For starters, there is no such thing as a clean and proper body. You are, from top to bottom, from the inside out, an ecosystem crawling with life that you, and others around you, support. Some of these organisms even help you (so it’s not a one-way situation). We are not the top of the food chain: cows eat plants, humans eat cows, microscopic organisms eat humans, and so on. Everything on the planet is connected. Most of us don’t mind the fact that we eat other animals, but what is apparently hard for many people to swallow is the fact that most of us ingest human skin on a daily basis (unless you’re some sort of hermit or wear a breathing mask to school, and even then I’m certain that at some point you must have). Even vegans eat people.
I was shocked earlier this week to learn that the proper procedure for dealing with a single strand of human hair falling into an ice bin at work is to clean out all the ice, sanitize the bin, and then refill it with fresh “un-tainted” ice. The reason I find this to be a ridiculous procedure is because tiny pieces of dead human flesh fall off all our bodies all the time. This means that unless you eat at a restaurant where the people wear biohazard suits, you’re likely eating and drinking a little bit of human at every meal.
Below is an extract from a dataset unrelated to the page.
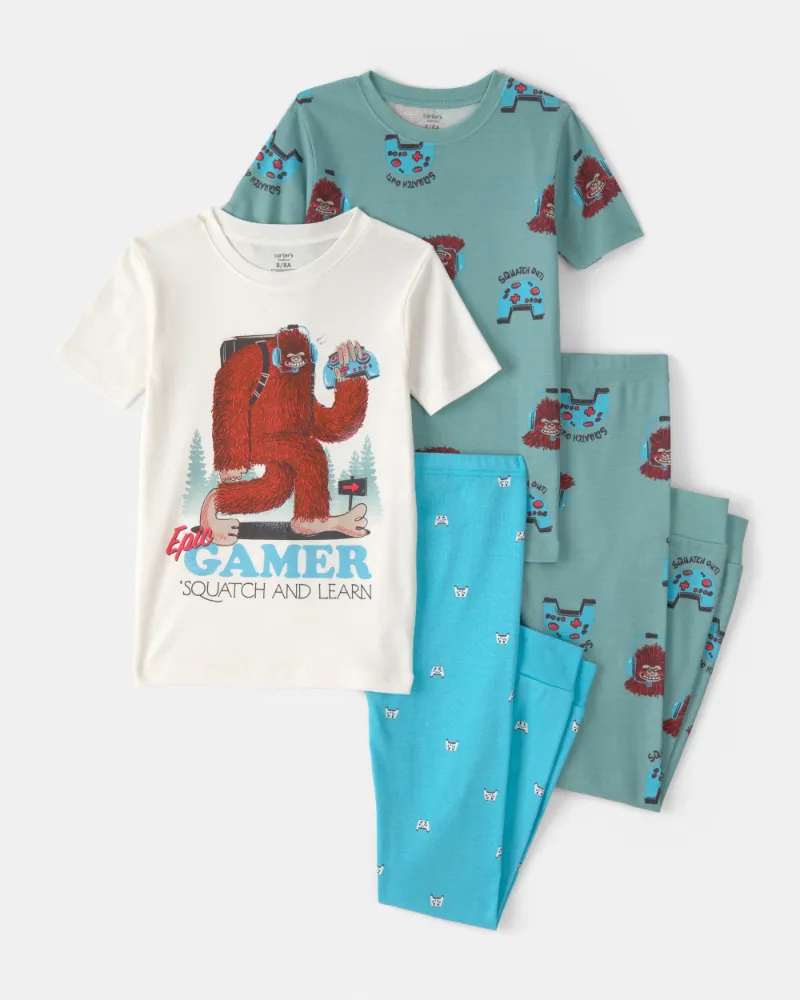 Pijama De Algodón 4 Piezas Con Monstruo Carter's 14A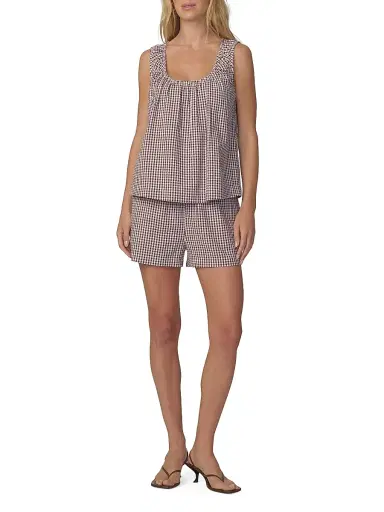 Joe's Jeans Women's Ana Gingham Cotton-Blend Sleeveless Blouse - Macchiato Gingham - Size XS | Thumbnail 2 Joe's Jeans Women's Ana Gingham Cotton-Blend Sleeveless Blouse - Macchiato Gingham - Size XS | Thumbnail 2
Constantly eating people is not a shocker for me: I understand that my body is neither completely mine nor completely in my control. (My body has broken wind many times without my express permission.) I realize that when I breathe in a crowded room the air which was once in any number of other people is now in me. If you’re reading this before class or while riding the bus, take a look around and see what kind of people are sharing the air with you, what people have small parts of what was once “theirs” inside of you. I’ve taken this as a given in the nature of existence since I first learned in kindergarten that most dust is dead human flesh. What I didn’t realize till recently was that most people are disgusted by the notion that they consume human flesh regularly.
If you’re worried about flesh, it gets much worse when you consider that the water you drink may have once been urine (cleaned out and filtered presumably, but the fact remains that something that I once pissed out may have been part of your most recent beverage). The universe works in cycles. Someone may have been out in the bush in the Whiteshell some time back and he or she may have needed to fertilize the forest while out on a long hike; you may have walked along some time later and eaten the berries that fed off his or her crap. It’s not disgusting or disturbing: it’s the way things have worked and survived for millions and millions of years.
Nature works tirelessly to use and reuse everything it can. Eventually you and I may make up a later generation’s oil supply. Who knows, we may even power vehicles of the future. Nothing is yours exclusively. Everything is part of everything else. You can’t completely control your body (though you can influence it). You can’t even control your thoughts: because you’re reading this sentence, I’ve played a role in altering whatever you may have been thinking of in the absence of reading this (thanks for reading, by the way).
I presume this article may disgust some people (who I suppose are merely afraid of the nature of things), but you need to know that fish lived in the water you swam in last summer and that fish piss and shit, too. There is recycled death and excrement everywhere. We try to control it (or more likely control our thoughts about it), but it’s impossible to stop, so get over it. I eat bits of people and so do you. I’m not saying that now you’re free to axe down the next tasty looking lady and eat her. I’m saying that regardless of your liking it, you came from the sticky sperm-invaded womb of your bloody mother and that, while in her womb, you shared all the systems and cycles of her body and, now that you’re outside of her, we’re all sharing with each other and the rest of nature constantly.
I’m not trying to disgust you, I’m just trying to say that life exists in the abject and disgusting, and because of that it is beautiful. Nothing is abject; it only appears that way to the unaided eye.